FCC commissioners approved 3-0 a notice of inquiry on ways to improve broadband deployment, competition and innovation in residential and commercial multiple tenant environments (MTEs). Commissioners also unanimously approved a payphone order and NPRM that would waive certain auditing and reporting duties while the agency considers eliminating the requirements. Both Wireline Bureau items were adopted at the commissioners' meeting Thursday.
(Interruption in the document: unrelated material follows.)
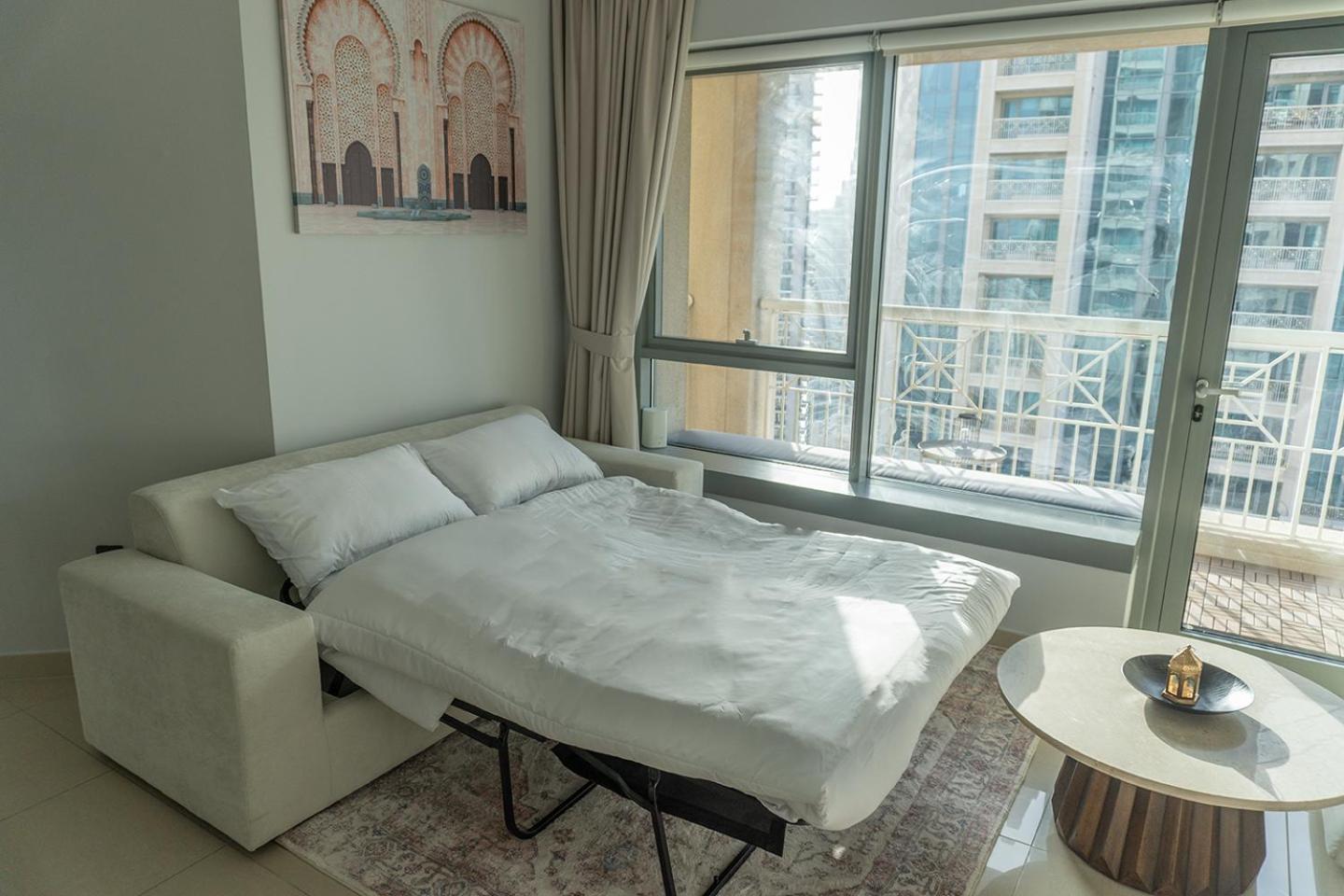 Apartamento Downtown Oasis, Burj Khalifa Views, Luxury Amenities *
The fight between the Phoenix Center and Free Press intensified Tuesday, with a center paper refuting claims in a May Free Press study. Free Press said aggregate capital investments at publicly traded ISPs were 5 percent higher during the two-year period after FCC commissioners' 2015 net neutrality vote than in the previous two years (see 1705150061). “Recent releases of data from USTelecom and CTIA both reveal very large reductions in capital spending by telecommunications firms in 2016,” said the report by George Ford, Phoenix chief economist. “Even a recent report by Free Press -- a zealous proponent of aggressive Internet regulation -- backs up FCC Chairman Ajit Pai’s claim that investment declined subsequent to reclassification.” Financial data “tells a consistent story about investment in 2016 -- capital spending is down, and way down,” Ford said. The center blames the 2015 order, which reclassified broadband as a Communications Act Title II service. Free Press Policy Director Matt Wood questioned in an email whether the Phoenix Center report makes sense. “Just look at their AT&T section,” Wood said. “They claim that we did not account for DirecTV, but in fact we did. Perhaps George didn't have the stamina or the brainpower to read our full report.” Free Press reported AT&T spending declined temporarily after the 2015 vote because the company completed a massive upgrade in 2014, Wood said. “We haven't accused the ISPs of misleading the FCC, because NONE OF THEM tell the FCC or their investors that Title II had any impact on their investment.” Free State Foundation submitted a filing Tuesday in docket 17-108 including recent papers by FSF Senior Fellow Theodore Bolema: “Too Much Unnecessary Regulation Is Impeding Telecom Investment” and "Allow Paid Prioritization on the Internet for More, Not Less, Capital Investment."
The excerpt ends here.